私は、免疫抑制・寛容誘導分子として妊娠やがん、臓器移植などに関与する HLA-G の7つのスプライシングアイソフォームの中でも、特に、機能未知であったドメイン欠損タイプの HLA-G2(膜結合型)及び G6(分泌型)アイソフォームに着目して研究を行ってきました。今回私は、HLA-G2/G6 に共通のアミノ酸配列から成るリコンビナント蛋白質(α1α3 蛋白質)の SPR 解析を用いた受容体との相互作用解析、ヒト関節リウマチモデルマウスを用いた機能解析を行い、α1α3 蛋白質の免疫抑制効果を示すことに成功しました。現在は、α1α3 蛋白質が自己免疫疾患等の治療薬に応用されることを期待し、引き続き実験を続けています。主に、蛋白質の立体構造解析や分子間相互作用解析を得意とする研究室で in vivo 実験を行うことは困難も多くありましたが、蛋白質を扱う研究室だからこそ、やや扱いの難しい α1α3 蛋白質を用いて in vivo での結果を出すことができたのではないかと思っています。
今回のポスター賞の受賞は、私にとって大きな励みになりました。将来、世界に通用する研究者となり新薬開発等で社会に貢献できるよう、博士課程ではより研究に邁進したいと思っております。
最後になりましたが、いつも温かく見守り、的確なご助言・ご指導をくださる前仲勝実先生、黒木喜美子先生、研究室の方々、本研究の関係者のみなさまに厚く御礼申し上げます。
2P-114 雨宮 舜(熊本大学大学院薬学教育部)
この度、第15回日本蛋白質科学会年会においてポスター賞を受賞することができたことを大変名誉に思います。また、これからの研究への大きな励みとなりました。
現在、抗癌剤として用いられているチロシンキナーゼ阻害剤は、ATP 結合ポケットをターゲットとしており、その近傍に変異が入ることによる薬剤耐性変異が問題となっています。本研究では、従来標的としている ATP 結合ポケットではなく、キナーゼドメインの相互作用面を標的とした新たな阻害剤の開発を目指しています。

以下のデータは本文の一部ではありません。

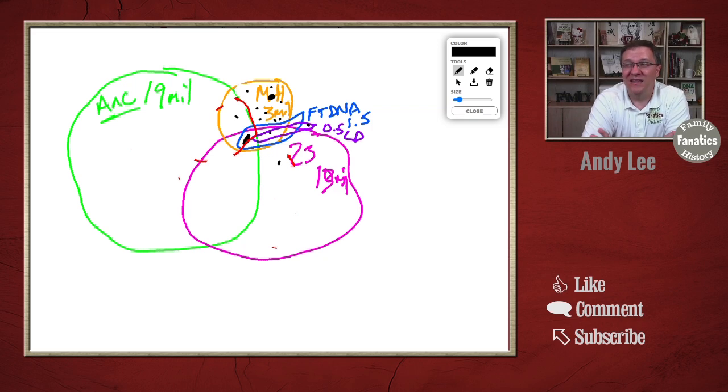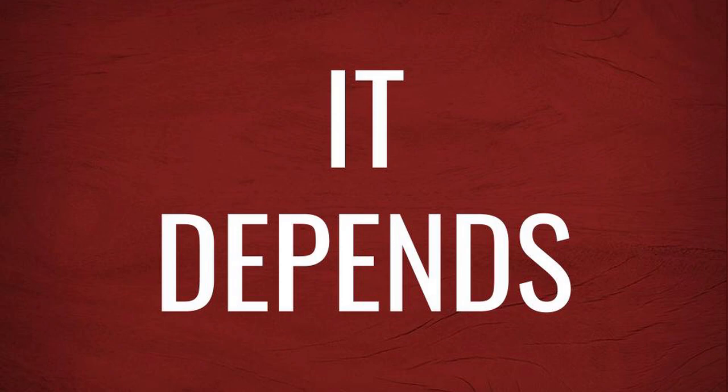You've really need to answer the question of why you're testing and what it is you're hoping to find out. The question 'do I only need to take one test' can be taken a number of ways. I've answered what I think are the two most common interpretations, and the answer to both is: it depends on what you're trying to find out. That's going to determine what kind of tests you need to take and whether you need to take the test from more than one place.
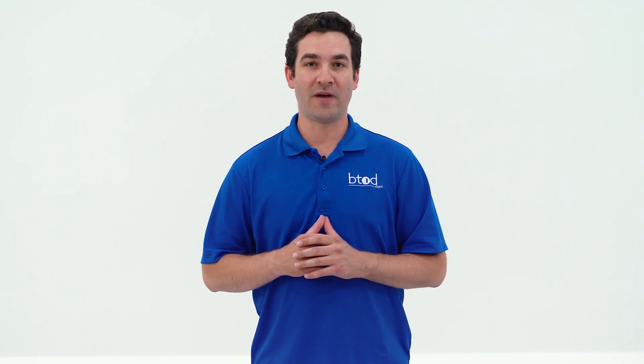I get it — you want a brand new Aeron Remastered, but you can't stomach the current MSRP on the chair. But is it actually worth it to go with a refurbished model to save over 50%?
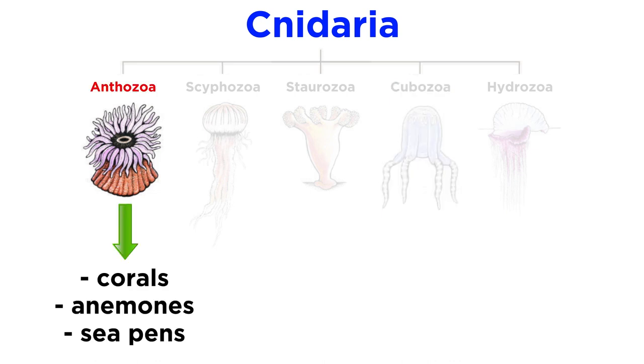Next, let's examine the corals, anemones, and sea pens of class anthozoa.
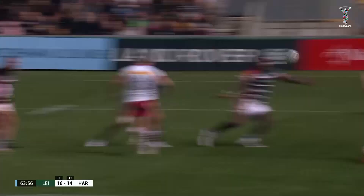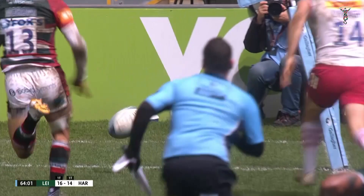Sensational finish — look at that from the outside. Such a tough piece of skill.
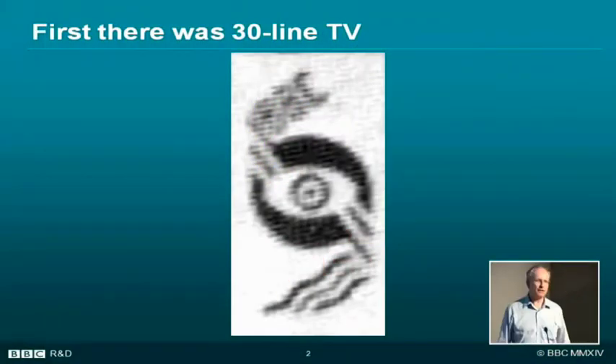There we are, that's where we started — 30 lines of television. That's the BBC's; it says BBC up there, you can just read it. That's the very first test signal.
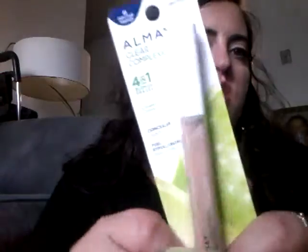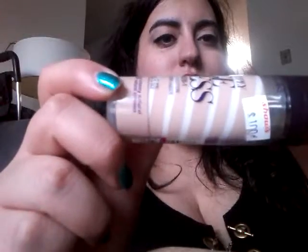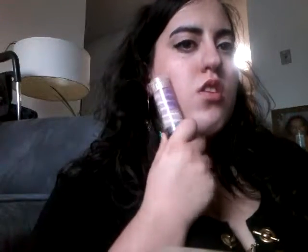Next up is Almay Clear Complexion Light Medium 4-in-1 Blemish Eraser. It's coming up darker on screen than what it is, but it looks like it will work on my skin. If not, I'm only out a dollar. Next up is Covergirl and Olay Simply Ageless 3-in-1 Liquid Foundation in number 220 Creamy Natural. It looks super light and I almost didn't get it, but it is actually my color right now because I am pale — not quite as pale as I look on screen.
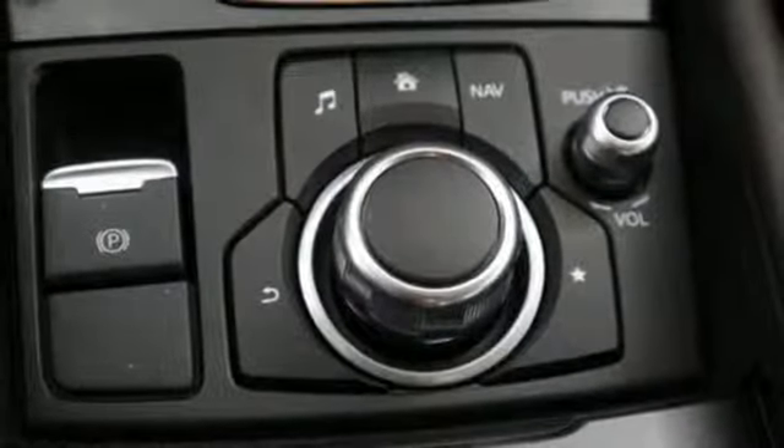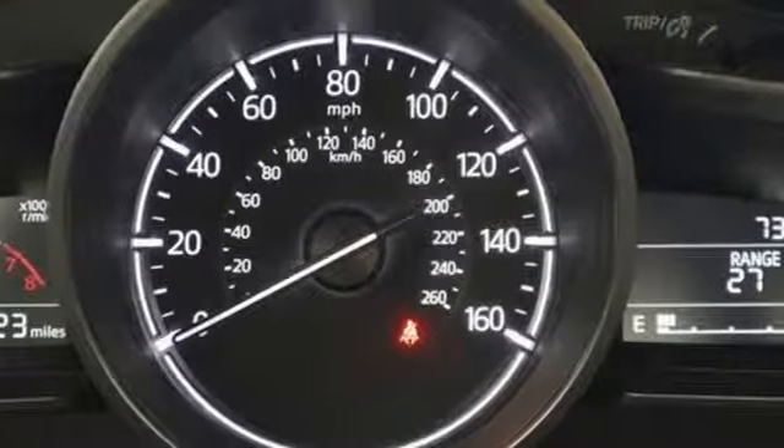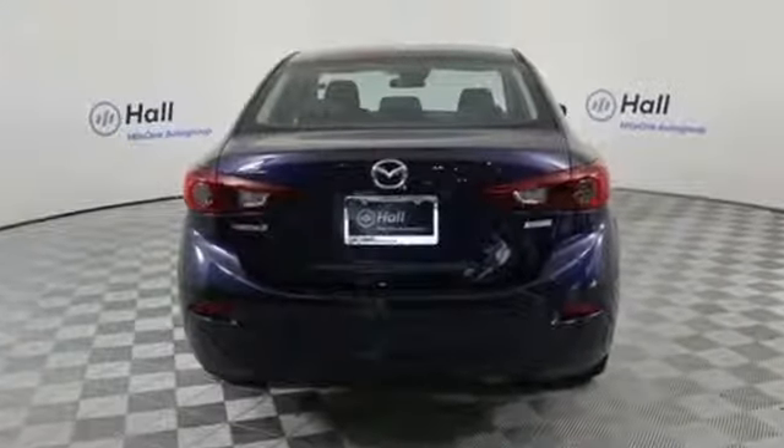Kelley Blue Book calls it exceptionally stylish and fun from day one. For all the things that drive you, there's Mazda. See what it can do for you when you take it for a test drive.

まず、ファージディスプレイ法を用いた2段階スクリーニングを行い、2種のペプチドを獲得しました。得られたペプチドを用いて、HSQC 2次元 NMR 測定やキナーゼのリン酸化実験をペプチド添加と非添加で評価したところ、相互作用面近傍にペプチドが結合し、FGFR1 の自己リン酸化を特異的に抑制することが分かりました。本研究は、キナーゼドメインの相互作用阻害が新たな創薬標的として有望であることを示唆しています。将来的にはこれらのペプチドを用いた競合実験により、ATP 結合ポケット以外をターゲットとした低分子化合物のスクリーニングが可能になると期待しています。
最後になりましたが、日々多数の助言や指導をしてくださっている研究室の先生方をはじめ、年会に携われた関係者の皆様にこの場を借りて厚く御礼申し上げます。